Именно в своих оценках благоразумия правящей “элиты” Российской империи С.В.Зубатов оказался наивен. Его деятельность по созданию рабочих организаций только ускорила процесс самоуничтожения правящей “элиты” Российской империи, поскольку он хотел, чтобы необходимые преобразования общественных отношений в России прошли управляемо под контролем органов исторически сложившейся власти без социальных потрясений; в то время как “элита” жила сегодняшним днем и видела в простом народе не людей, а средство для удовлетворения её сиюминутных потребностей. Последнее хорошо выразилось в эпизоде обращения с конторщиком Х., назначенным полицией в “депутацию рабочих” к царю. Это — этика, но “элита” и экономически ничем не хотела поступиться, по существу желая подневолить себе рабочих так же, как в прошлом были подневольны крепостные:
«Витте рвал и метал. Московские капиталисты не раз обращались к нему с жалобами, что полиция вмешивается в их взаимоотношения с рабочими; жаловалась и фабричная инспекция.» — ист. 97, с. 101.

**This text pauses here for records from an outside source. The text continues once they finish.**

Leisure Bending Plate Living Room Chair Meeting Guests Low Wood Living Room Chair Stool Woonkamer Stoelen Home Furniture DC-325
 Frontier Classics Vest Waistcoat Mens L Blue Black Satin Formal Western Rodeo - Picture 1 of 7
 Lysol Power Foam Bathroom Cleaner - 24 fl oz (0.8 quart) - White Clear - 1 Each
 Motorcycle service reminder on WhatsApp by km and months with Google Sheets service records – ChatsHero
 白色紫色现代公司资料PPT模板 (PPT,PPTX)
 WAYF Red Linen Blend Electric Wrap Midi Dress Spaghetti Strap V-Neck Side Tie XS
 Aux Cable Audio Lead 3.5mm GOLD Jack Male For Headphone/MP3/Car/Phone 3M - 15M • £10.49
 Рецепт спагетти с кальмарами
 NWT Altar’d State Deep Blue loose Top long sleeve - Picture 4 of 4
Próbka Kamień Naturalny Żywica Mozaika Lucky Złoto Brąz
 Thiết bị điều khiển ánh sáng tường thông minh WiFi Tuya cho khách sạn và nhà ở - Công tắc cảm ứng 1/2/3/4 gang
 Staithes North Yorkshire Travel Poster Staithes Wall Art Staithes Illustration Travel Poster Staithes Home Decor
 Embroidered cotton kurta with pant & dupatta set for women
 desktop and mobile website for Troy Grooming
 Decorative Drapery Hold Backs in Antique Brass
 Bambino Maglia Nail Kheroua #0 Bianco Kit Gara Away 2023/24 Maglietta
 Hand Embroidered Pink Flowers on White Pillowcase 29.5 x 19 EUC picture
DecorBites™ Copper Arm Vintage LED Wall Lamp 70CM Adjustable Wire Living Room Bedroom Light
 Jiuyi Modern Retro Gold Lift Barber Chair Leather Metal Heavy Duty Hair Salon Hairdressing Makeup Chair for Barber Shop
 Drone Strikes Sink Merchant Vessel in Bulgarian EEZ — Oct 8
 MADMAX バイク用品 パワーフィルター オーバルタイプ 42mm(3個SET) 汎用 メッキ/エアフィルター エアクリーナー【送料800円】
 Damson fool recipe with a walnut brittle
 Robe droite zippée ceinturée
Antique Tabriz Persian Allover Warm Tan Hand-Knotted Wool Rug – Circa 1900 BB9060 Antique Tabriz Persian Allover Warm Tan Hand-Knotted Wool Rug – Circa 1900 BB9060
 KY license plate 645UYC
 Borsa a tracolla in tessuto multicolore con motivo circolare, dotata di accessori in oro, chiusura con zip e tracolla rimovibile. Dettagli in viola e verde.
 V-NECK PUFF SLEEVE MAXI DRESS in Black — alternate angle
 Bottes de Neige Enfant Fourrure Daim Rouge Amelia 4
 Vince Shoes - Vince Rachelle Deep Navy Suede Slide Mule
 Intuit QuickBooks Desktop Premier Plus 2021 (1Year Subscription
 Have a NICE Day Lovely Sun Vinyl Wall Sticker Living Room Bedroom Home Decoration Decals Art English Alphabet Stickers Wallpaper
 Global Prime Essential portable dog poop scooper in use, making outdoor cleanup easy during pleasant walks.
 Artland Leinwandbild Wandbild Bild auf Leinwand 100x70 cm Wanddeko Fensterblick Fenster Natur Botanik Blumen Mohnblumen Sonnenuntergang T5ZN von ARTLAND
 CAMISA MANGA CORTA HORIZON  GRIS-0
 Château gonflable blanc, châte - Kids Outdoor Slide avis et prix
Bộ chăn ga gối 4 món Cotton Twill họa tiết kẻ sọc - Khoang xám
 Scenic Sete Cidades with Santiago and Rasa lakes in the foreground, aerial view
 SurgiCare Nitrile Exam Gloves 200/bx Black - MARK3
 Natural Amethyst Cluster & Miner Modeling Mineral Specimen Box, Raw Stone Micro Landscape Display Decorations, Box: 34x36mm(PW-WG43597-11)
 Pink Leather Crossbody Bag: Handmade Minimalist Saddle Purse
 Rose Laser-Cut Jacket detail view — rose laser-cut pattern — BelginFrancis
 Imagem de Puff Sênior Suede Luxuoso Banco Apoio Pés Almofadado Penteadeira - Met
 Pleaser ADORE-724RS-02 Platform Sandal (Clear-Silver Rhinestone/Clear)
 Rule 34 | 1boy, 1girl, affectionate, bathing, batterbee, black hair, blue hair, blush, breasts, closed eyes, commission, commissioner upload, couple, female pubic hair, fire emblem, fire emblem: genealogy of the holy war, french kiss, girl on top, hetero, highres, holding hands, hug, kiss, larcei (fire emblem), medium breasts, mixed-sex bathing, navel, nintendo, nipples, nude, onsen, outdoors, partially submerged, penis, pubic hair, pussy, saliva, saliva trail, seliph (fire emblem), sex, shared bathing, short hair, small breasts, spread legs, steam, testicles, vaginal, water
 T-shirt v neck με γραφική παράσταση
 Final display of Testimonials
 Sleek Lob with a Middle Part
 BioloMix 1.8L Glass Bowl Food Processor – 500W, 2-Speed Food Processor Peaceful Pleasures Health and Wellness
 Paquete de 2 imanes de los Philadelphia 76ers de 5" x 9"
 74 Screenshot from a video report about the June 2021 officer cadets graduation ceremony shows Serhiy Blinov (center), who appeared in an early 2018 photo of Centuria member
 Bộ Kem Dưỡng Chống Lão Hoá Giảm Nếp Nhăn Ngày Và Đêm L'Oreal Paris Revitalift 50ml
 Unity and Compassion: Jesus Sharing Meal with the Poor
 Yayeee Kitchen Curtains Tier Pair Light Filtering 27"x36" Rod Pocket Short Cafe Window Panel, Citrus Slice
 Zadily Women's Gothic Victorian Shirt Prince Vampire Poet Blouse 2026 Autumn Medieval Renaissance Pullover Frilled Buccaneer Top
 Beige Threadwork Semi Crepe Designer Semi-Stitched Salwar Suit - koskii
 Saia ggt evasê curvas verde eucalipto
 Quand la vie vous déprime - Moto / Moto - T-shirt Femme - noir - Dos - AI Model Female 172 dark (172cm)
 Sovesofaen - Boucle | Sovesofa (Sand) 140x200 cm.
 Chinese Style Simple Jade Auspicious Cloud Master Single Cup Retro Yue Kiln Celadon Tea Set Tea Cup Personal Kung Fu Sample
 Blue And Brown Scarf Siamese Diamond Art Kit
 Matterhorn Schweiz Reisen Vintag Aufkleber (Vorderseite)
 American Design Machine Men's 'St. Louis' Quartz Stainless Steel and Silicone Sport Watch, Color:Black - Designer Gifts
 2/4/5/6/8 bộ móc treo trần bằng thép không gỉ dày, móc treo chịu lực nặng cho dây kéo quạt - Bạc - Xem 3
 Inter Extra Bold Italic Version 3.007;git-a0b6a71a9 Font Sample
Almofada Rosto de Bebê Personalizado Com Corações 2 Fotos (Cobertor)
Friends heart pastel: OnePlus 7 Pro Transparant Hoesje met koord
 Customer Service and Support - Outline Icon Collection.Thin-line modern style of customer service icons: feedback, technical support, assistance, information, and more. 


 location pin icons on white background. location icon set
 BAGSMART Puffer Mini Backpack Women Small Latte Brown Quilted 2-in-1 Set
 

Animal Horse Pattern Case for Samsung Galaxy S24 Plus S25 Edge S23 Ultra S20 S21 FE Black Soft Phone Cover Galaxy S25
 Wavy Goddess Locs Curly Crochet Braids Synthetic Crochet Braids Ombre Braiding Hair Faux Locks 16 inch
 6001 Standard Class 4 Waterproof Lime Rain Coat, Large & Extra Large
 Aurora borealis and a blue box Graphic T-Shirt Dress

Наименование же «зубатовщина» прилипло к тому стилю в деятельности спецслужб, когда подрывные и прочие антиобщественные организации создаются самими же спецслужбами для того, чтобы их руководству было проще доказать необходимость и эффективность своей деятельности перед вышестоящими государственными чиновниками. Этот стиль работы спецслужб находит полную поддержку в государственном аппарате, когда правящая “элита” не желает ничего менять в общественных отношениях, а репрессивными действиями надеется подавить оппозицию и изжить кризис в настоящем в слепой надежде, что в будущем он сам как-нибудь, сам собой рассосется без управленческих усилий со стороны государства.
Но этот стиль деятельности спецслужб многих государств в прошлом и настоящем, во многом социально обусловлен отношением к ним того слоя общества, который сейчас именуется “интеллигенция”. “Интеллигенция”, почитая себя “совестью нации”, видит в деятельности спецслужб государств исключительно интриги, провокации, шантаж и т.п. грязь, брезгуя которыми уклоняется от работы в них, открывая дорогу в спецслужбы тем, кто действительно склонен к тому, чтобы мощь государственного аппарата и спецслужб, в частности, употреблять в своих мелкокорыстных целях и нарушать этику, свойственную нравственно здоровым людям.
Как интеллигенция СССР брезговала КГБ, так и интеллигенция Российской империи брезговала Охранным отделением, лишая спецслужбы нравственно здравой общественной поддержки и совестливого, дееспособного кадрового корпуса, способного уберечь общество от бед своевременным предупреждением и решением встающих проблем. Но это означает, что интеллигенции в обоих случаях было свойственна не обостренная рафинированная совестливость и непреклонность в делании добра во всех обстоятельствах, а заурядные: трусость, чистоплюйство и безволие, пролагавшие дорогу еще большему злу — множественным социальным бедствиям при потере государственного управления, многократно превосходящим злоупотребления спецслужб, так или иначе имеющие место во всяком государственном управлении делами общества в целом.
В частности о проблеме “сексотов” в обществе и о том, как их набирало Охранное отделение, А.Спиридович пишет следующее:
«Красиво и убедительно говорил Зубатов подготавливая из нас будущих руководителей политического розыска, но воспринять сразу эту государственную точку зрения на внутреннюю агентуру было трудно. Мы принимали, как бесспорные, все советы относительно сотрудника и все-таки они в наших глазах были предателями по отношению своих товарищей. Мы понимали, что без шпионов ничего нельзя знать, что делается во вражеском лагере; мы сознавали, что сотрудников надо иметь также, как надо иметь военных шпионов, чтобы получать необходимые сведения о неприятельской армии и флоте, об их мобилизационных планах и т.д. Всё это мы понимали хорошо, но нам, офицерам, воспитанным в традициях товарищества и верности дружбы, стать сразу на точку холодного разума и начать убеждать человека, чтобы он ради пользы дела, забыл всё самое интимное, — дорогое и шел на измену, было тяжело и трудно. Наш невоенный начальник [58] не мог этого понять. Да мы не говорили много с ним об этом. В нас шла борьба.